Joburg unveils R400m plan to beat load-shedding but will need funding
Political CorrespondentThe cash-strapped City of Johannesburg — which has not been spared the devastating effects of continued and deepening power cuts — has unveiled a yet-to-be-funded multimillion-rand plan that could avert up to stage 3 load-shedding in the short- to medium-term.
Executive mayor Mpho Phalatse said on Thursday the multiparty government and the metro’s City Power utility have a plan to mitigate and ultimately end the rolling blackouts in SA’s economic hub.
The energy crisis has resulted in factories and small, medium and micro enterprises — which are crucial to job creation — closing shop due to unreliable power supply. Load-shedding means consumers and businesses have to go without electricity for up to 10 hours a day, costing the struggling economy billions of rand per day.
In a media briefing attended by City Power CEO Tshifularo Mashava and environment & infrastructure services member of the mayoral committee (MMC) Michael Sun, Phalatse said City Power has costed a R401m budget for a plan, including a recommissioning of the two existing Open Cycle Gas Turbine Stations for R20m.
"This would of course require the city to procure and burn diesel. We are already sitting with 1.2-million litres of diesel for these sites. This would add 74MW to the network, when needed," the mayor said.

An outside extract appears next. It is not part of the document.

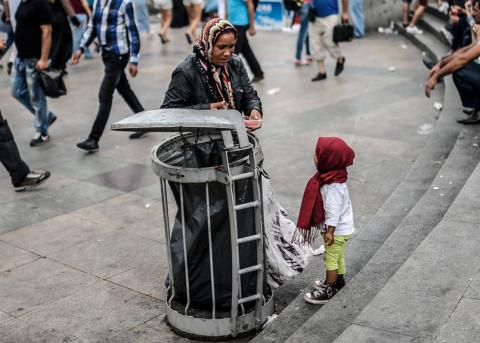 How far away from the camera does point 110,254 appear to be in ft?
19.2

"At R85m for a Ripple Relay System, City Power will be able to remotely regulate high-energy use products such as geysers, swimming pool motors and the like. This would save 80MW, when needed.
"At R175m we will procure and distribute smart meters and communication that will enable City Power to be able to limit the amount of power distributed to homes, so instead of completely turning the power off, we will be able to supply homes with enough energy to power essential needs.
"This will save an additional 322MW, when needed. This will not be done on a whim but will be communicated to customers. The communication system will require R28m.
"This requires an energy management system upgrade, costing R120m [for] City Power to better monitor, control, and optimise the performance of its transmission system."
However, Phalatse said the metro, which has a budget of R77.3bn for the 2022/2023 financial year, is not "sitting with R400m that can be easily shifted towards this programme".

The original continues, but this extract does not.